Any tips would be useful.


----------



## moggie14 (Sep 11, 2013)

Hi Jackie and Holly 
I expect she probably is quite anxious tbh - although she puts on a brave face I imagine it's all very overwhelming for her to begin with. I wouldn't worry about the food right now as long as she eats a little here and there. She is too curious and unsettled for now to eat a nice big meal or have a long sleep.
I'm sure she will relax over the next few days when she gets used to your home and the scents around. I'd only be concerned if she is still not eating properly in a couple of days time.
Please keep us posted xx


----------



## Jackie C (Feb 16, 2016)

moggie14 said:


> Hi Jackie and Holly
> I expect she probably is quite anxious tbh - although she puts on a brave face I imagine it's all very overwhelming for her to begin with. I wouldn't worry about the food right now as long as she eats a little here and there. She is too curious and unsettled for now to eat a nice big meal or have a long sleep.
> I'm sure she will relax over the next few days when she gets used to your home and the scents around. I'd only be concerned if she is still not eating properly in a couple of days time.
> Please keep us posted xx


Thanks, I think I was getting worried about nothing. She's slept a bit since then, had a play with a cat-nip sardine and has actually eaten some Encore tuna, which is only complimentary, but it's a start. The Whiskas dry food barely got a sniff (thankfully).


----------



## chillminx (Nov 22, 2010)

Hi Jackie, I agree with the above - Holly is probably a bit anxious and overwhelmed with all the new scents, sights and sounds in her new home. 

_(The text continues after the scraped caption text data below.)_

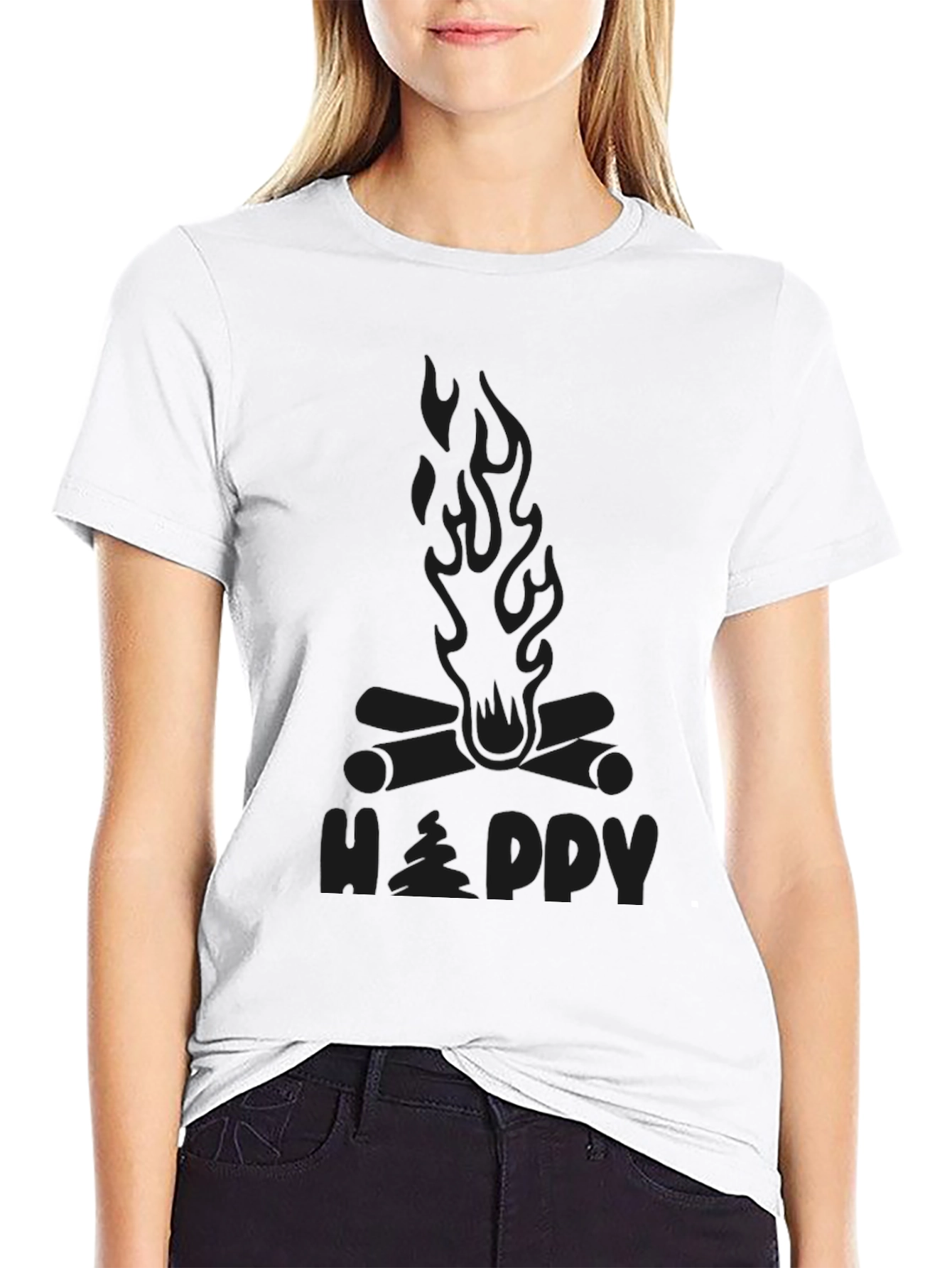 Happy Camper Campfire Graphic T-Shirt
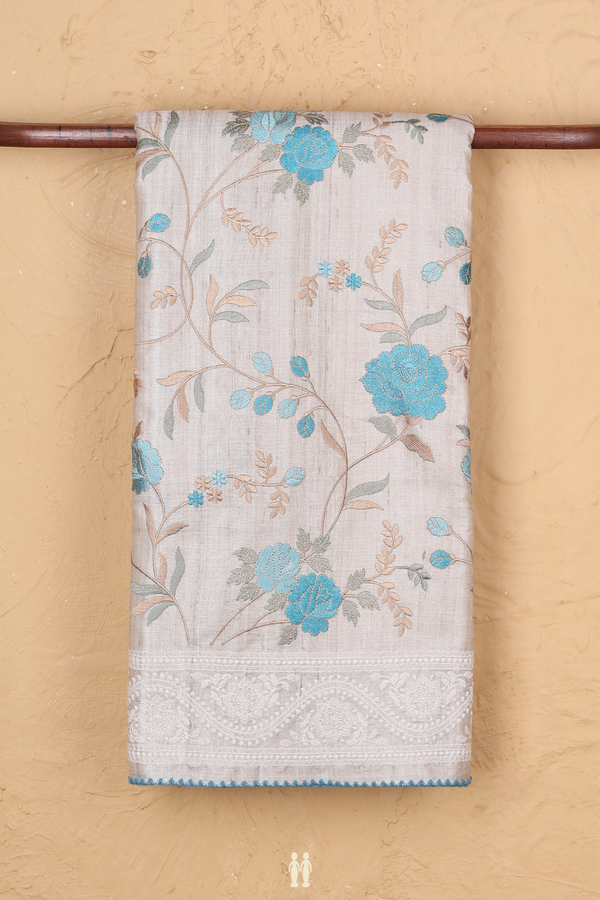 Tussar Silk Saree In Off White With Floral Embroidered Design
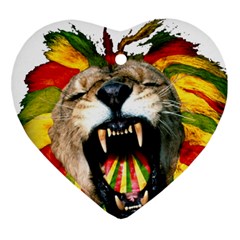 Reggae Lion Heart Ornament (two Sides) by BangZart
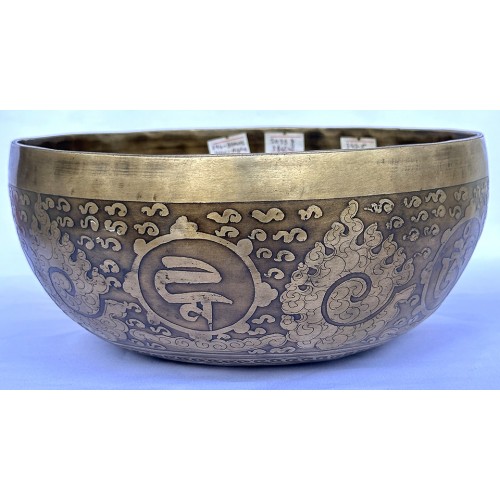 Saturn - Planetary, Therapeutic, Handmade, Jambati, Etching, Carving (Parasol (Eight auspicious symbol)  / Double Bajra), Singing Bowl - Medium Size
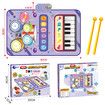 Kid Musical Mat,Keyboard & Drum Mat with 2 Drum Sticks, Learning Piano Mat Educational Music Toys Gifts for 3+ Girls Boys Color Purple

Cats who are super friendly right from the start with people they've only just met are often putting on 'a brave face' as moggie14 says. They often adopt a very placatory role with their new humans as though they are saying "see what a nice friendly cat I am, please, please, please let me stay here"!" It is very endearing of Holly, bless her. 

Two of my boys (brothers) were like this when I brought them home from Rescue 5 yrs ago. They were desperate for approval not only from me and my OH but from anyone who came to my house! Including a guy who came to mend the boiler! (I think he was a bit embarrassed by the huge fuss they made of him!) 

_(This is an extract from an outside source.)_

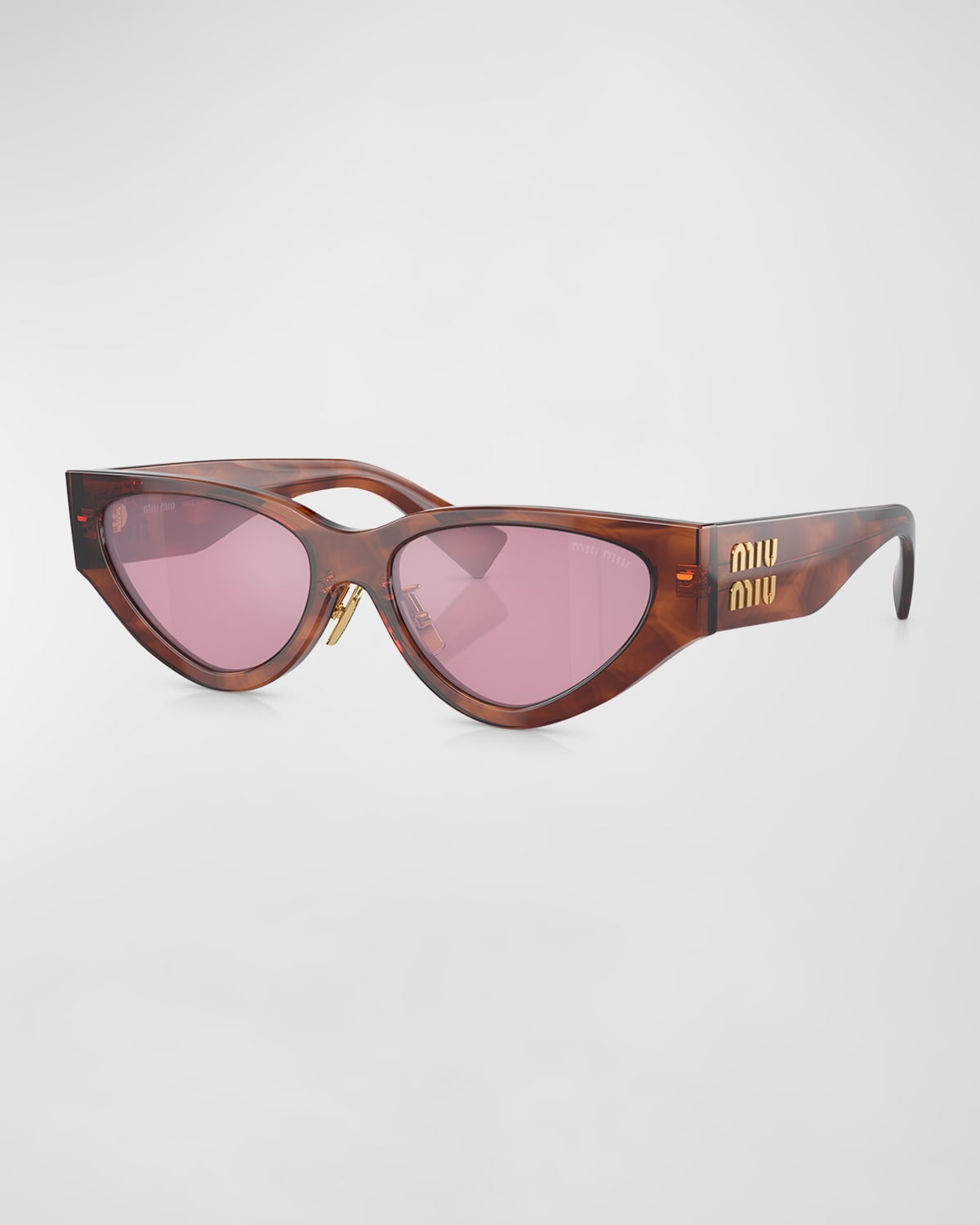 Miu Miu Womens Brown Mu 03zs Cat-eye Tortoiseshell Sunglasses In Pink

It was very touching but I was glad when the boys settled in and began to take for granted that my house was their home. These days they are very laid back and barely pay visitors any attention. 
As far as I recall it took a few months before they were both completely relaxed and stopped feeling the need to prove they were worth keeping  

I should say my boys have not lost their lovely, affectionate, sociable natures and I am sure Holly will be the same once she has settled in and feels more relaxed. 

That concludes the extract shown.